子供に少しでも碁・将棋に親しんでもらおうと、商工会議所の玄関先に縁台を並べて、碁盤・碁石・将棋盤・将棋の駒・指導役の長老を用意していました。
と、言っても、今の子は特殊な子供以外は「はさみ将棋」すら知らなくなってしまっています。
まあ、私が子供の頃には遊び道具が殆んど無く、何処の家にもあるのは「将棋版と駒」「トランプ」くらいでしたからね。
子供専用には、「面子・けん」「ビー球」「縄跳びの縄」などがあるだけで、一人で居ても、ゲームの方が遊んでくれる物など無かったのです。
この辺りでは「碁」を打つ子供は少なかったですが、「五目並べ」くらいは誰でも出来ましたね。
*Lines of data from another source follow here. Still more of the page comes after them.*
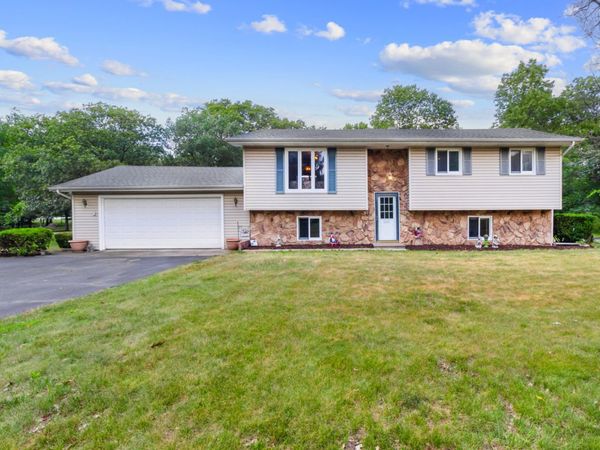 4092 Ethel Street E, DeMotte, IN 46310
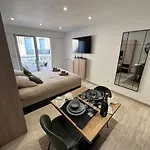 Superbe Studio Avec Balcon Rue D\'Antibes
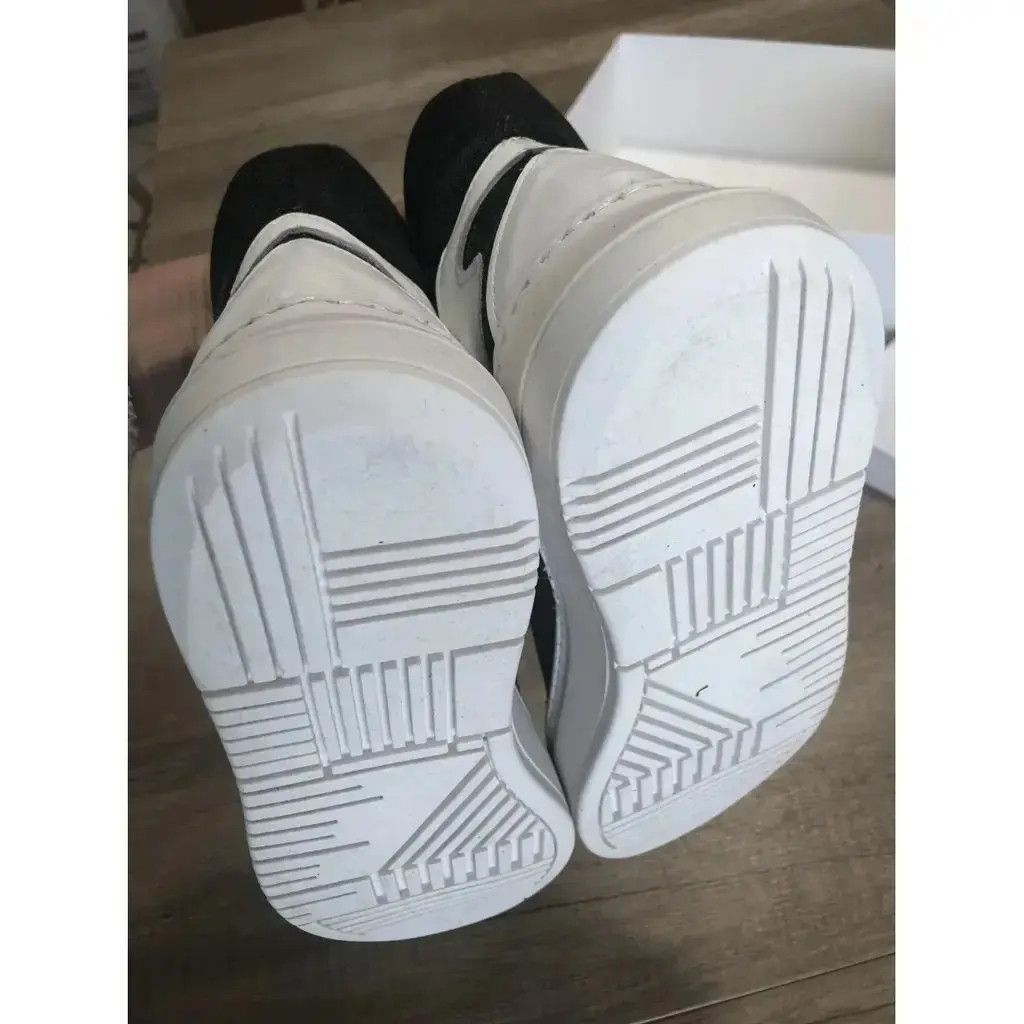 Sneakers, Savio Barbato
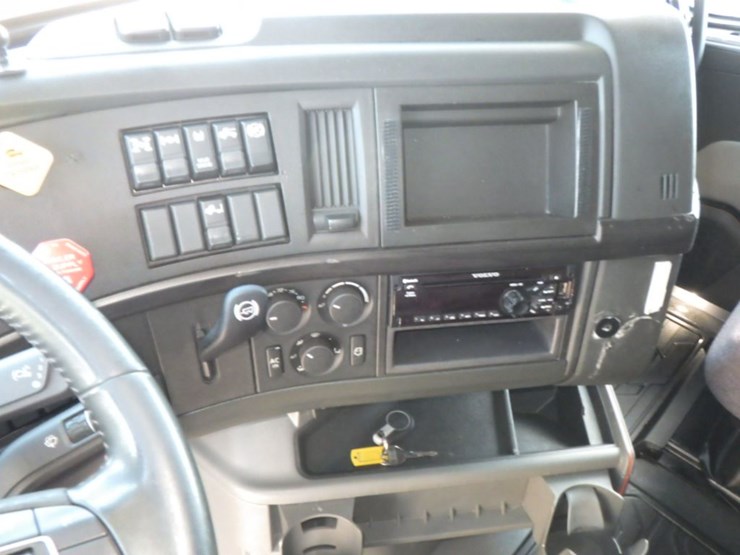 2020-volvo-vnl860-image-19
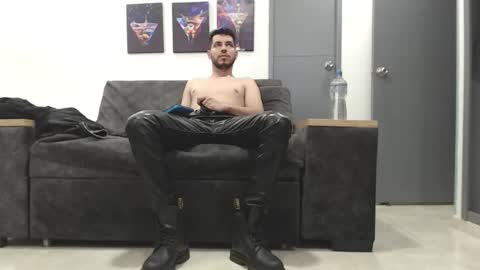instagram mackdanielsx online show from March 2026 10:24:02 PM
落語ではないですが、縁側にいつでも将棋盤など置いてあって、通りすがりの顔なじみと将棋を指しているなんてのが結構見られたものです。
相手が居なくなると、子供をひっ捕まえて無理やりやらせたり…
物の無かった時代だと、飴玉一つで子供は相手してくれましたしね。
夜になると、たくさんの家でへぼ将棋の将棋教室が開かれていたのです。
「へぼ」が「ガキ」の教えるのですが、それでも親子の時間はあるし、家によって駒の進み方が違うなんてことも無いので、男の子の多くは、へぼでも何でも将棋はさせたものです。
ややこしい将棋「本将棋」が嫌だと、「はさみ将棋」「将棋崩し」なんてあったし、「伊勢参り・ぐるぐる回り」なんて「金」を4枚さいころ代わりに振ってすごろくのように進み、角に止まれば出世する…歩ー香車ー桂馬ー角ー飛車ー銀ー王でしたかな?
前に上級の駒が居る時は追い越せない。同じところならおんぶしてもらえる。
上級の駒に追い越されたら死んで通路の内側で誰かが通り過ぎるまで休んでいる…なんて色んなルールがありました。
最後は盤の真ん中で止まれば「伊勢参り」完了…なんてことをやっていました。
この式の遊びは「ローカルルール」だらけでしたね。
各駒に「成り」を入れると倍の時間遊べますからね。
振った金も、「表=1」「裏=5」「横立ち=10」「縦立ち=50」「逆立ち」=100なんてレートで足し算していました。
何とか立てよう・・・なんて頑張りましたが、戦後すぐ頃に出回った安物の駒はまともに将棋の駒の形をしていないのがあって立つ見込みの無いのも在りましたね。
すごろくと違い、ぐるぐる回るのですから、100が出たってあまり意味が無いのですが、珍しいのが出るだけで嬉しかったのですね。
なんだかんだで、田舎の家では「縁側」、縁側の無い町場では「縁台」がそうした子供から大人までの遊び場だったわけです。